A question for EPMA labs with FEG instruments:
- What are the downsides to having a FEG? Purchase cost? Maintenance/replacement cost? Ease of switching current or voltage? Room requirements? What else?
Thanks in advance!
Andrew
First of all I would not set aside Shimadzu. Shimadzu (I got impression from its marketing material) looks are the only one, which understood and use fully the real strengths of FEG on EPMA. Shimadzu is not just "another EMPA with SEM-designed FEG tip mounted", they use larger diameter tips which addresses main issues of FEG when used on EPMA: long term and short term stability, and long life.

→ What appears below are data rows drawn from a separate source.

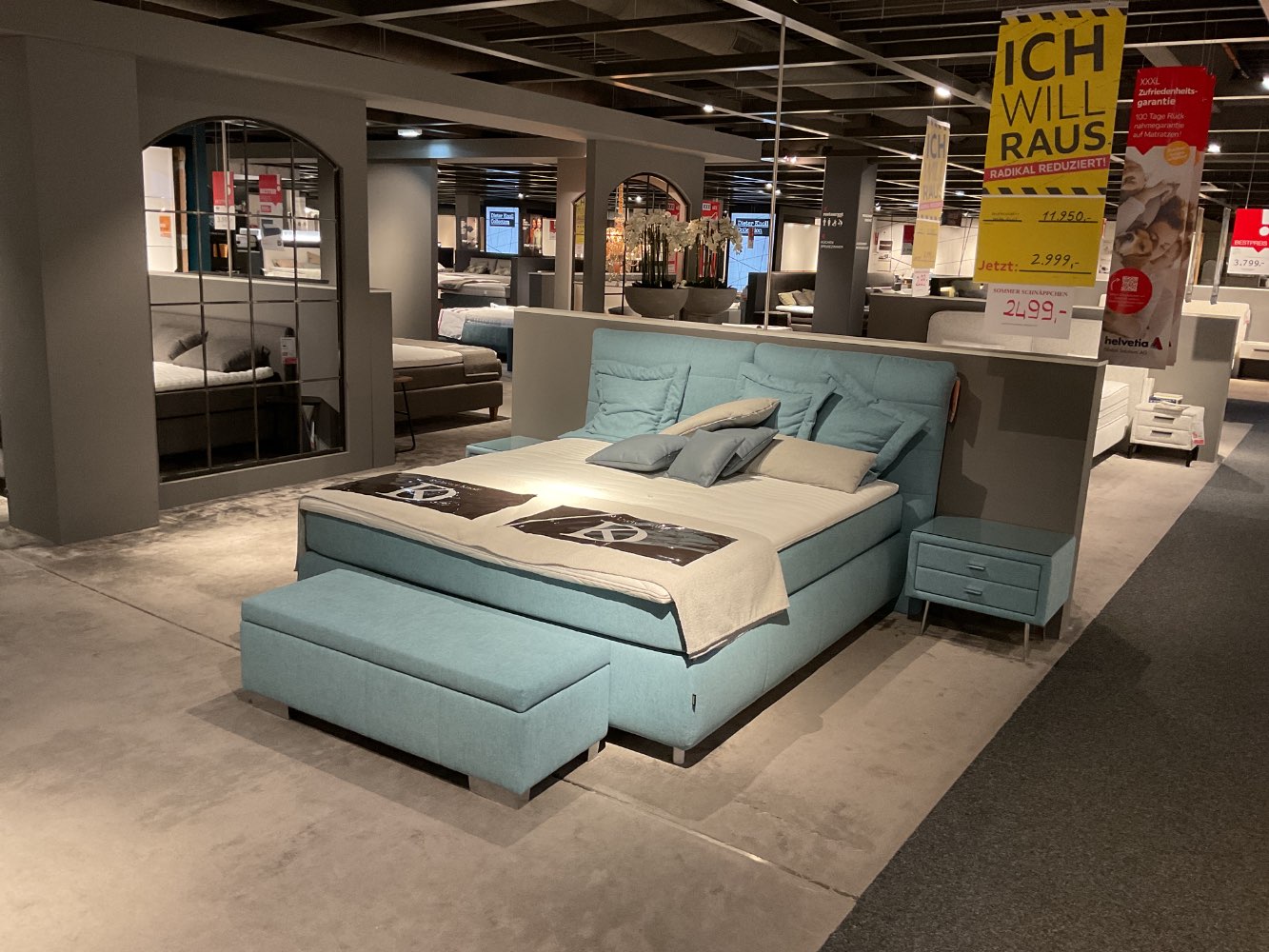 Boxspringbett Dream Deluxe
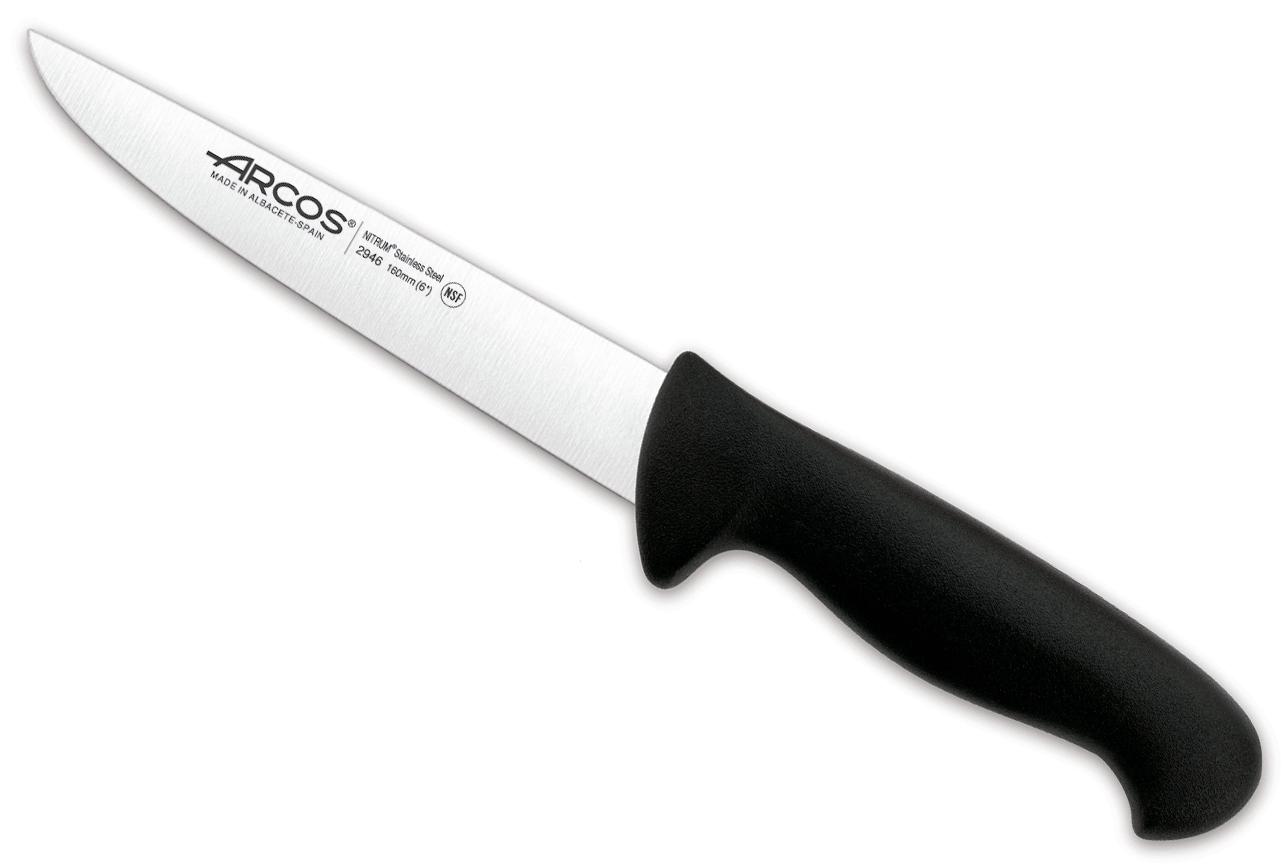 Cuchillo Carnicero estrecho Arcos 2900 16 cm de hoja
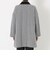 ＜Rain Wool＞バイカラーバルマカーンコート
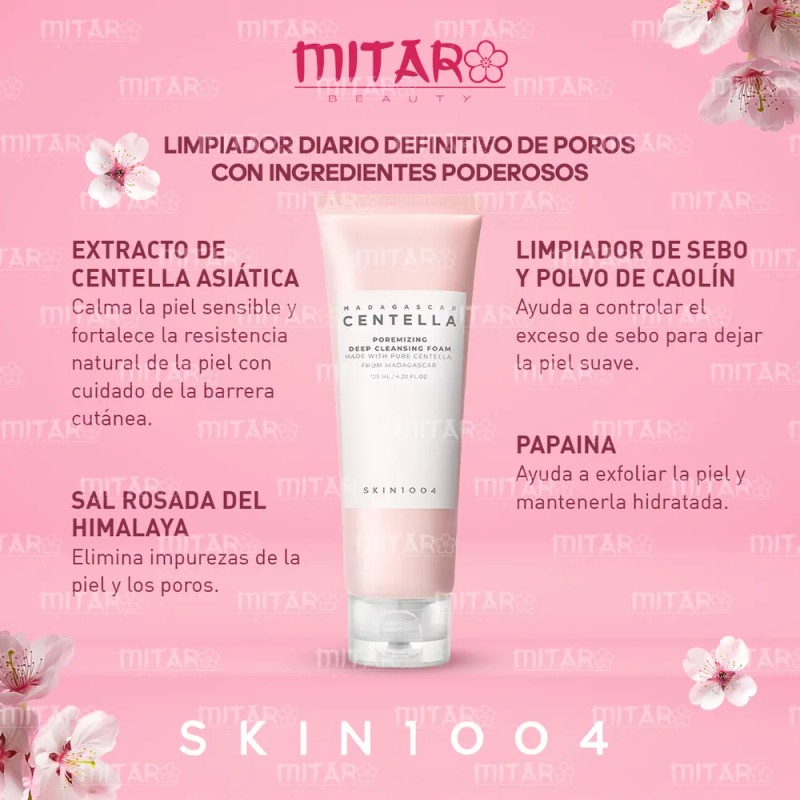 Skin1004 Madagascar Poremizing Kit Reducción Poros Full Size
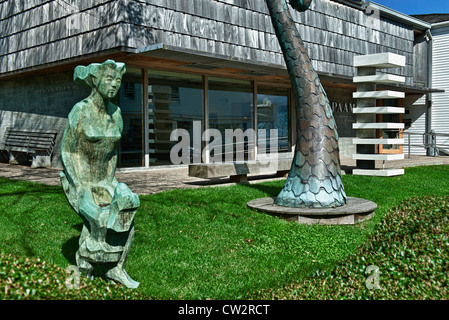 Provincetown art association and museum, Cape Cod, Massachusetts, USA Banque D'Images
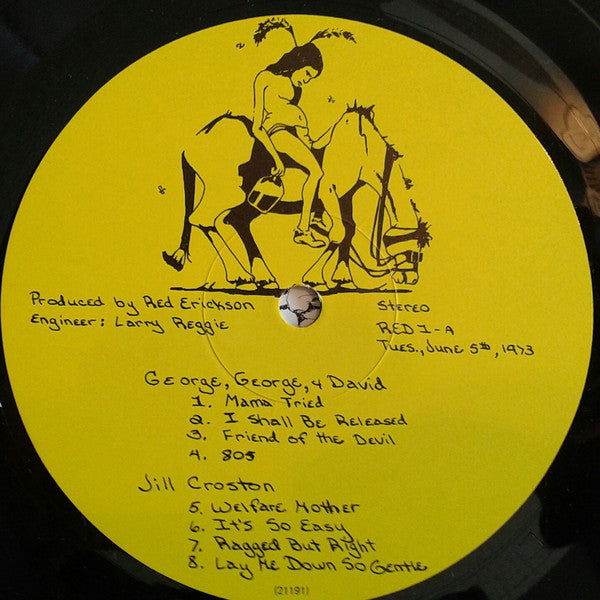 Various : Live Club Zayante (LP, Album)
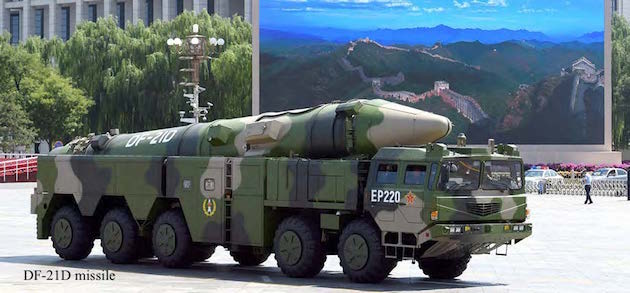 DF-21D missile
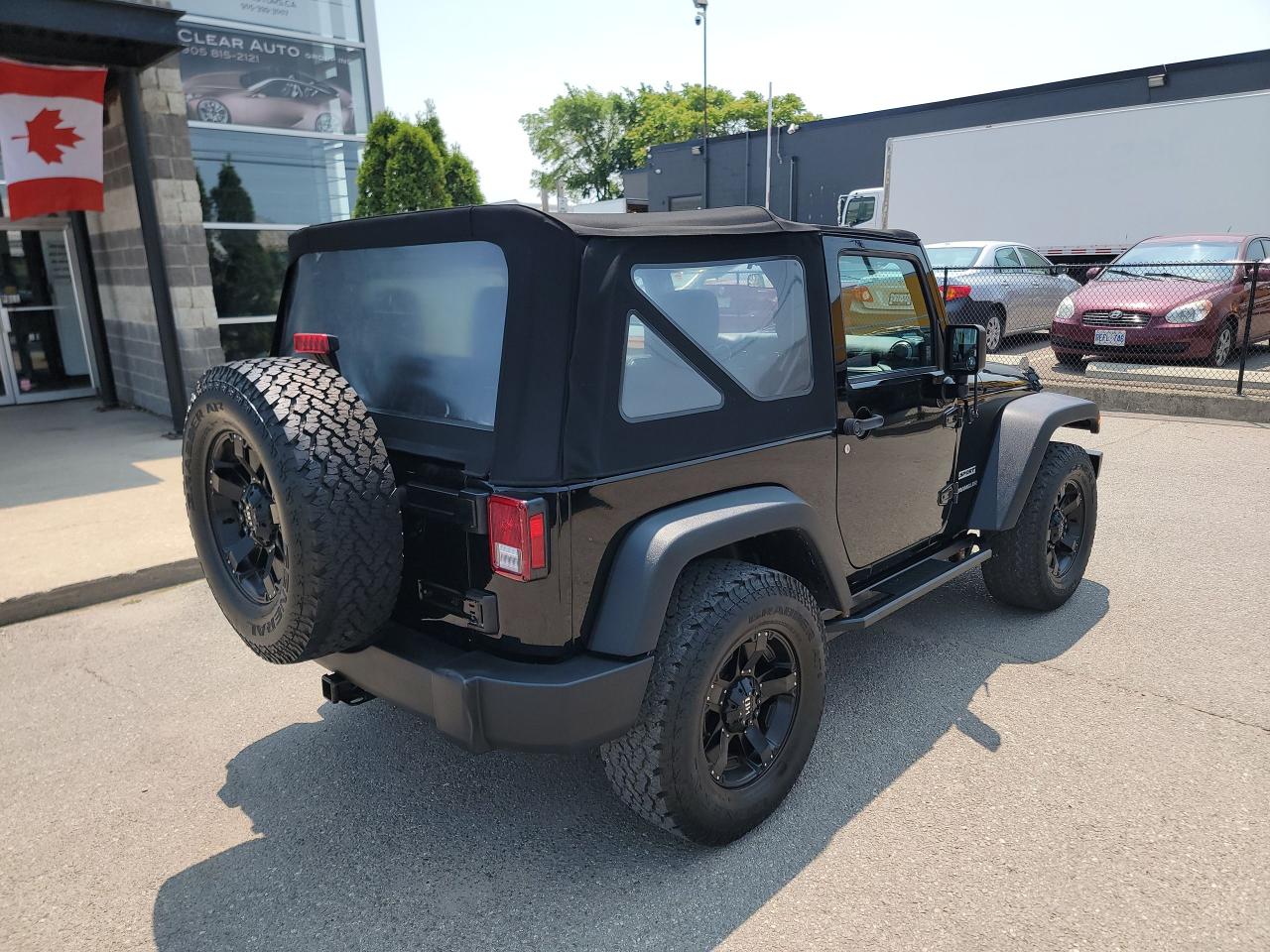 2017 Jeep Wrangler SPORT | AC | CLEAN - Photo #4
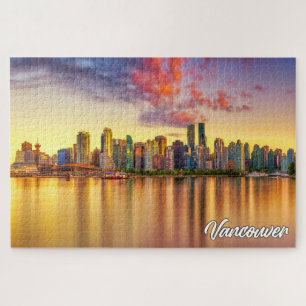 Vancouver, British Columbia, Kanada Puzzle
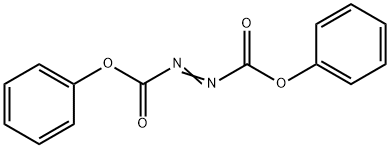 DIPHENYL AZODICARBOXYLATE 结构式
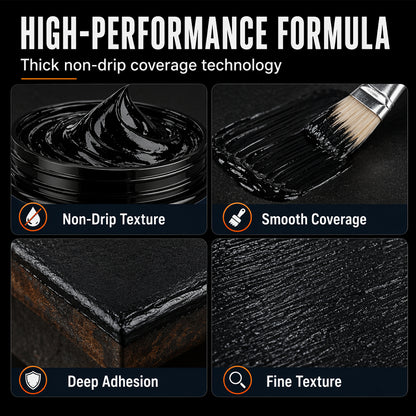Metal RustProtection Black Repair Paste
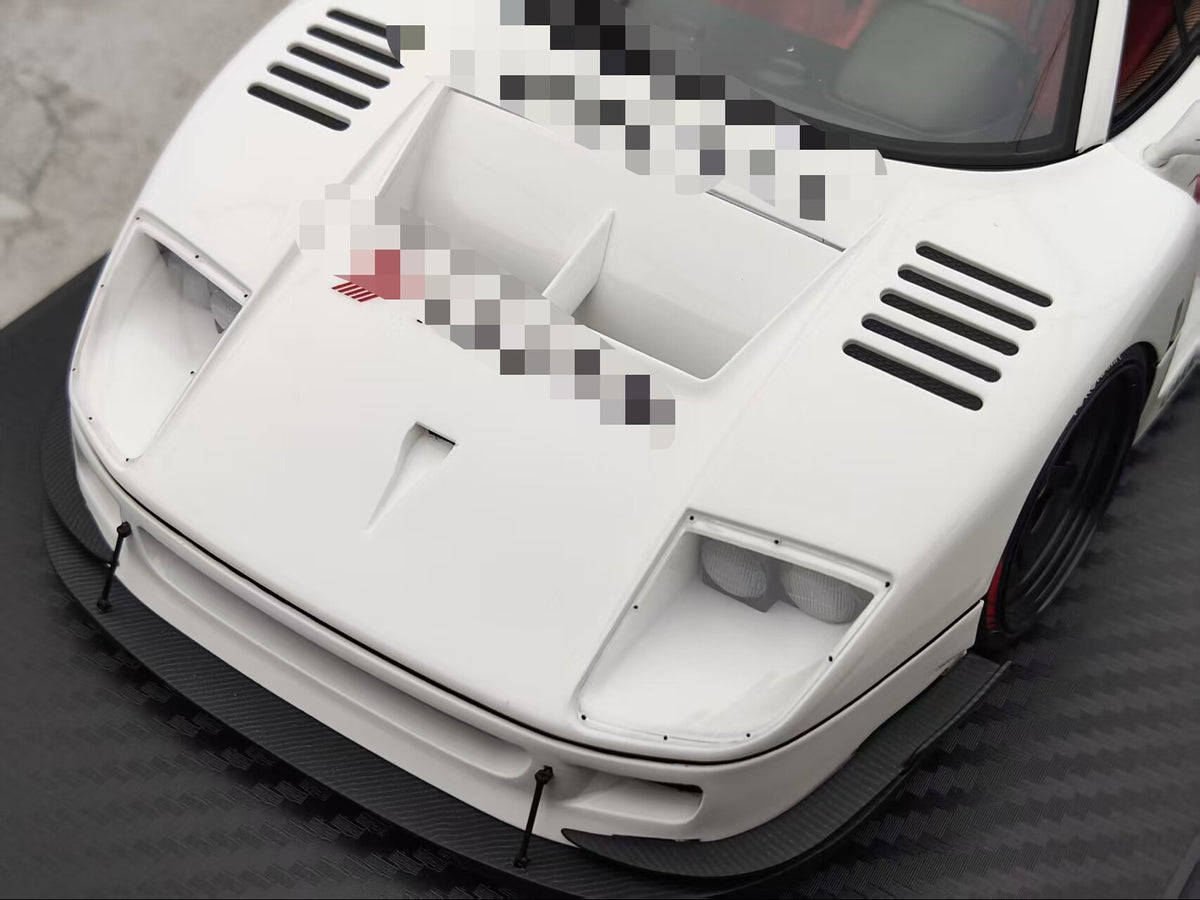 Ignition Model Ferrari LB-WOR LB-WORKS 40 FerrariF 1:18 White - immagine 7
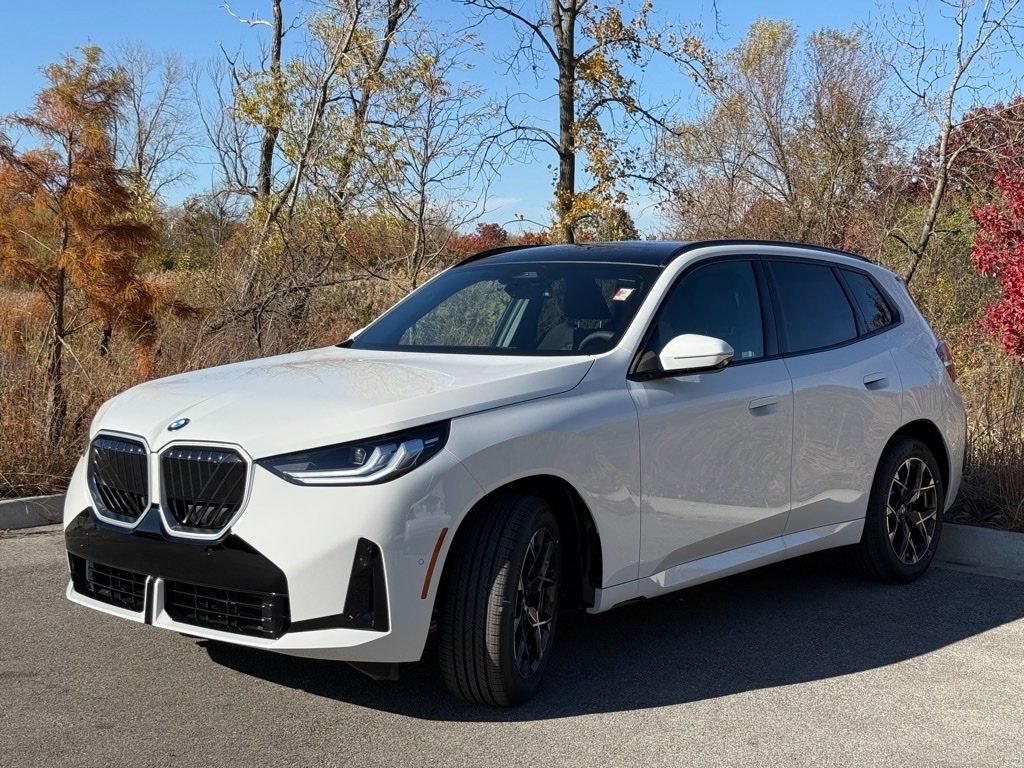 Used 2026 BMW X3 xDrive30i w/ M Sport Package AWD/4WD video 3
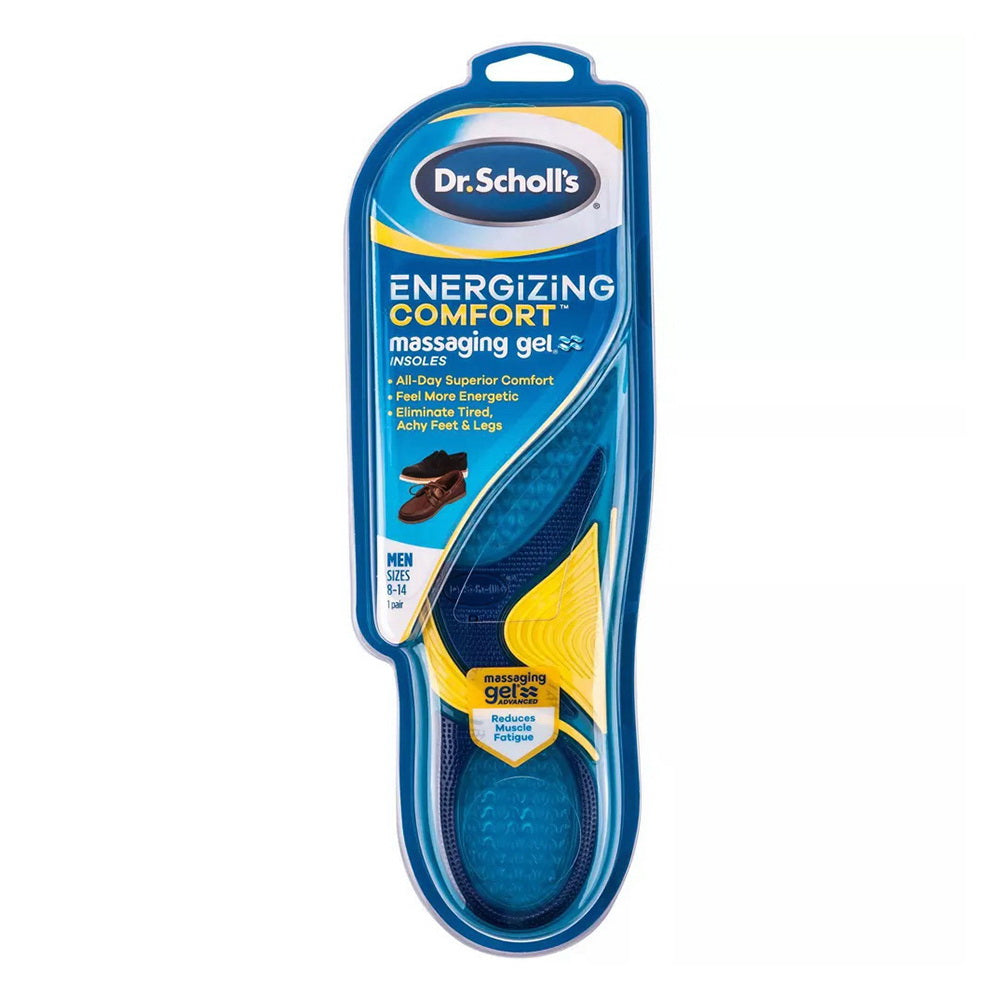 Dr. Scholl'S Energizing Comfort Everyday Insoles With Massaging Gel?????-+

The small and irrelevant (for EPMA) sacrifice with that is loosing FESEM-like spatial resolution, but it is still much better than CeB6, and who would need for microanalysis resolution of few nm while interaction is anyway few hundred of nm at low Kv, and much more at high acceleration voltage? Due to this absolutely inadequate (for EPMA) and bullshit marketing race toward smaller and smaller beam size and equipping EPMA with SEM-like Schottky FEG tip, that exposes the instrument to lots of vulnerabilities and instabilities. The smaller FEG tip emitting facet - the more it is sensitive to environmental temperature changes, and is more sensitive to precision and stability of power supply. Also small sized Schottky emitter is more susceptible to ring-collapse events (shortening of tip by cascade like ring-like migration of atoms from tips end to tips sides, i.e. initiated by positive temperature swing in the room just few degrees), or arching (a complete destruction of tip end by electric arc, i.e. due to malfunction of vacuum). Anyway, Shimadzu mounts specially for EPMA designed Shottky FEG tips - larger for improved stability, resilienced against unexpected bad events, and extended longevity. Probably a biggest (and crucial) downside of Shimadzu GrandEPMA for most of users here would be currently lack of ProbeSoftware support. But from technical perspective Shimadzu GrandEPMA (at least on paper) and logically looks much more properly designed machine for microanalysis than what Jeol has to offer.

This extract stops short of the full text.